Gartner is now forecasting a drop of 11.9 percent in 2009 from 2008, the sharpest unit decline in history. Before now, the sharpest decline had been in 2001 when unit shipments fell 3.2 percent. The current forecast decline is almost three times the previous worst decline.

“The PC industry is facing extraordinary conditions as the global economy continues to weaken, users stretch PC lifetimes and PC suppliers grow increasingly cautious,” says George Shiffler, research director at Gartner, in a formal statement issued upon the release of the new forecast.

Last week Bernstein Research lowered its PC forecast for 2009 and now expects unit shipments to decline 7.3 percent for the year. That’s a significant deterioration from the firm’s November forecast of a 4.9 percent growth rate for PCs in 2009.

he recent earnings reports from Dell and Hewlett-Packard are cases in point. HP expects revenue for the full year to decline between 2 percent and 5 percent from the previous year, including the benefits of integrating its services acquisition EDS into the mix.

As for Dell, Brian Gladden, the company’s senior vice president and CFO, recently told analysts, “We cannot predict how deep or long this slowdown will be, though we’re planning on it to be protracted.”

Gartner says that both emerging and mature markets for PCs will suffer “unprecedented” market slowdowns.

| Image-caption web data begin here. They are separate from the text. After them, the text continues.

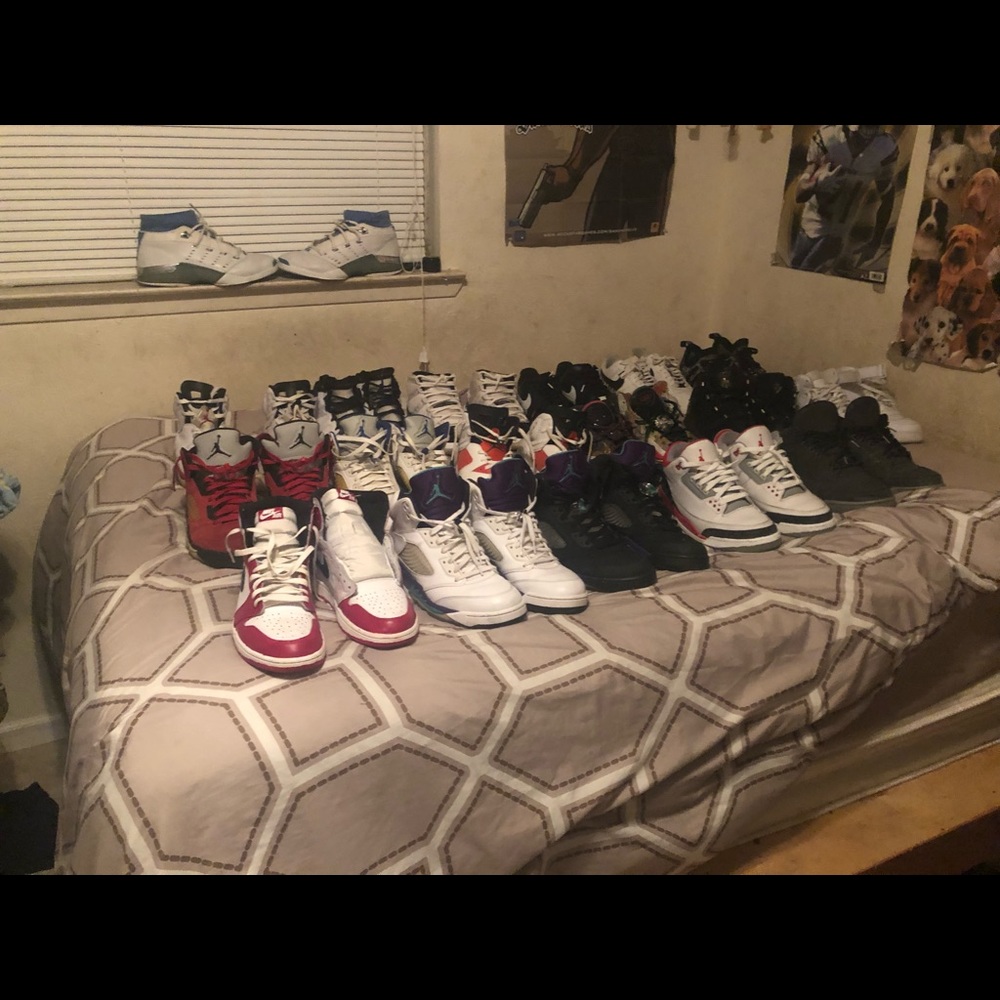Shoe collection - Picture 3 of 4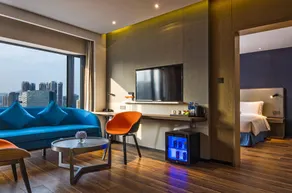 Holiday Inn Express Shenzhen Dongmen by IHG - Room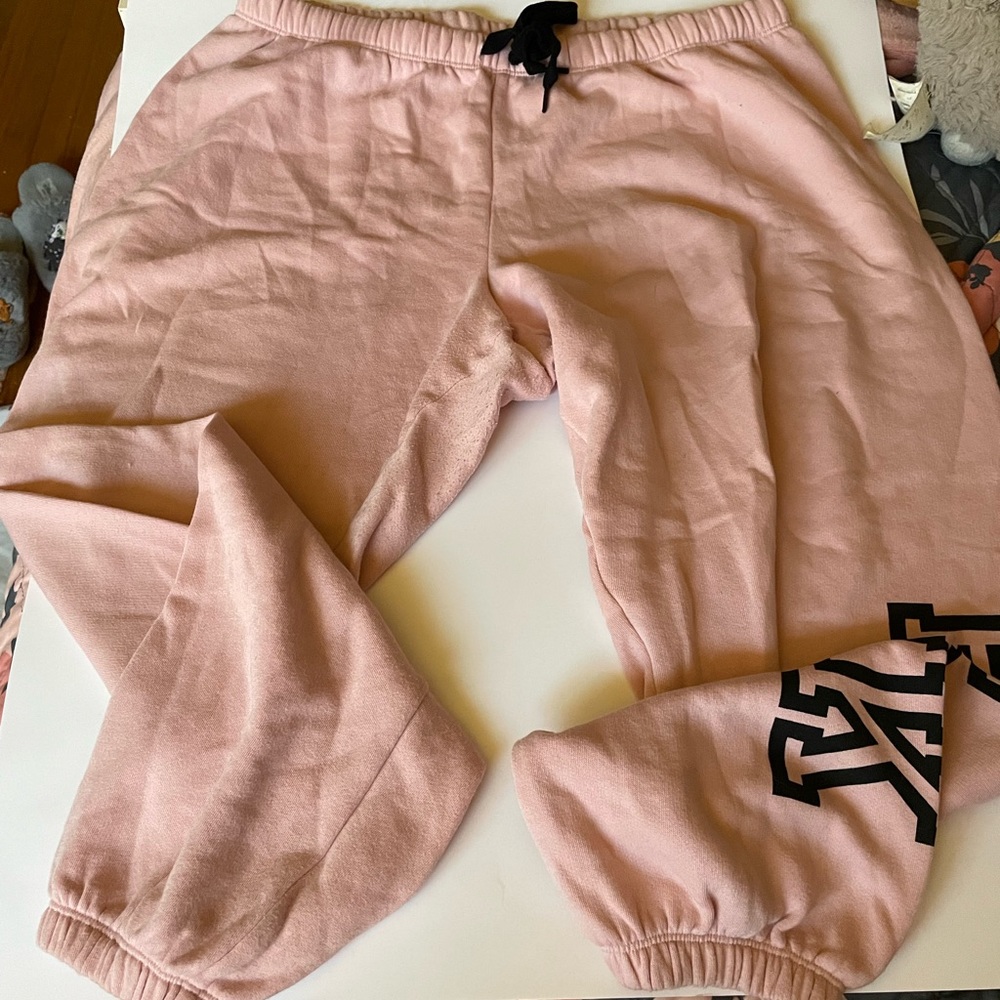PINK: Sweatpants
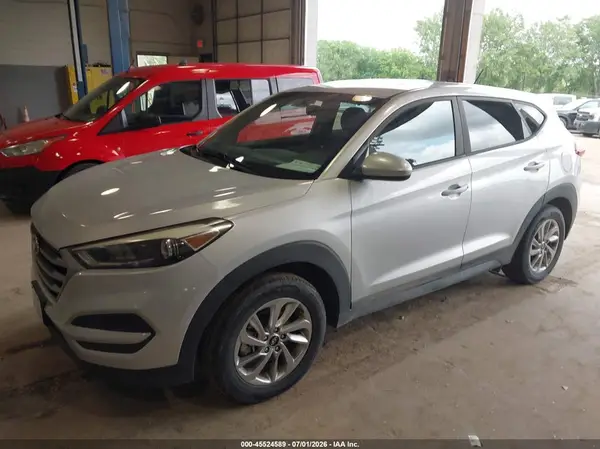 KM8J2CA43JU655860 2018 HYUNDAI TUCSON - Image 2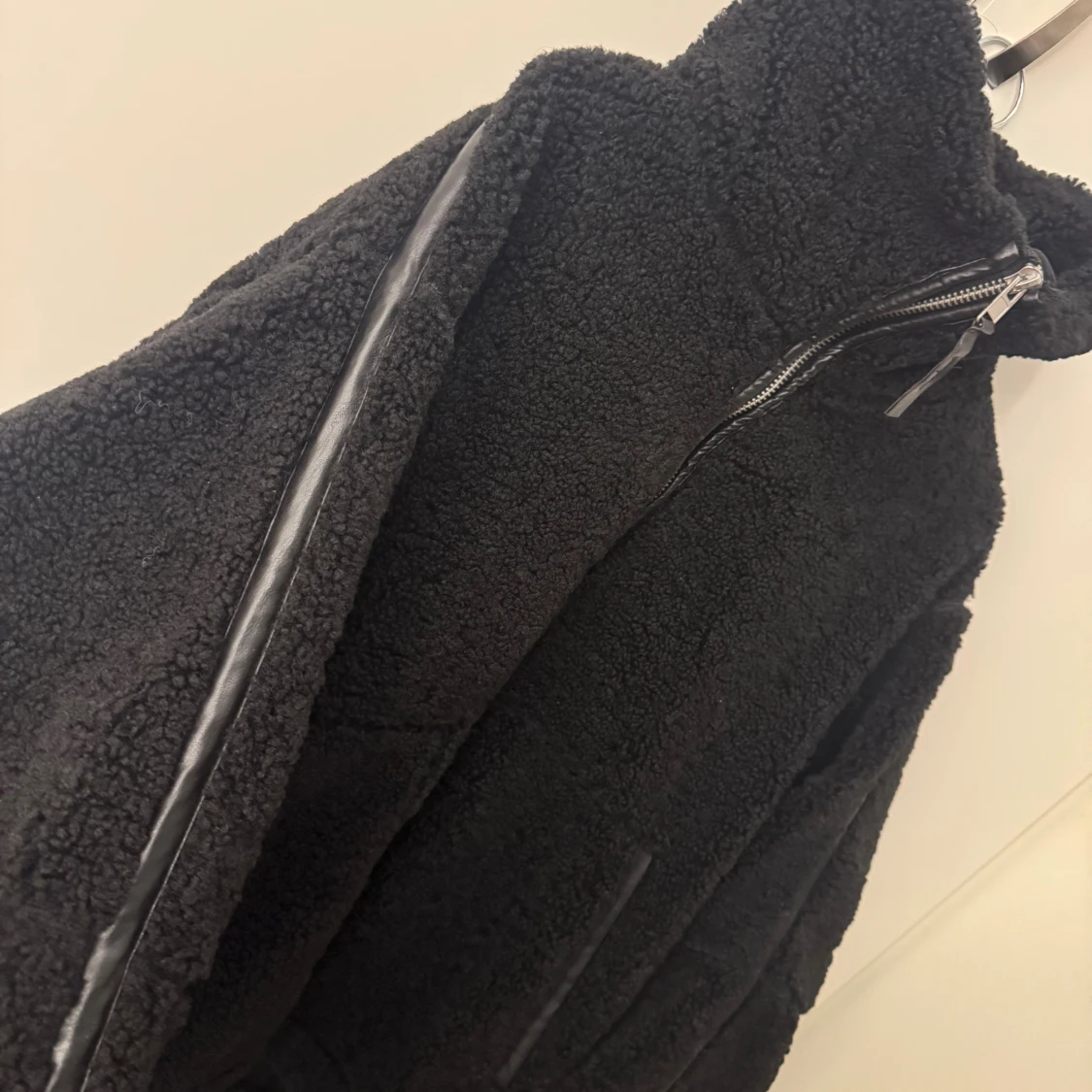 Svart teddyjacka med dragkedja - 2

“Growth in both emerging and mature markets will be driven by similar dynamics even if the precise impacts vary somewhat,” Schiffler says. “Slower GDP growth will generally weaken demand and slow new penetration, lengthening PC lifetimes will reduce replacements, and supplier caution will keep inventories at historic lows until confidence in a recovery eventually firms. The impact of reduced replacements will be especially acute in mature markets, where replacements are estimated to account for around 80 percent of shipments.”

Netbooks offer the only bright spot in an otherwise bleak forecast, with unit sales expected at 21 million in 2009, up from 11.7 million in 2008. According to Gartner, PC unit growth will be substantially boosted by continued growth in mininotebook shipments; excluding mininotebooks, other mobile PC shipments will grow just 2.7 percent in 2009.

But while this year looks to be a brutal one for PC sales, Gartner says that PC makers and their channel partners learned lessons during the 2001 dot-com bust and recession that have prepared them for survival in 2009. Those include the knowledge of how essential it is to invest in supply chains. And those investments give them better visibility into demand, says Gartner.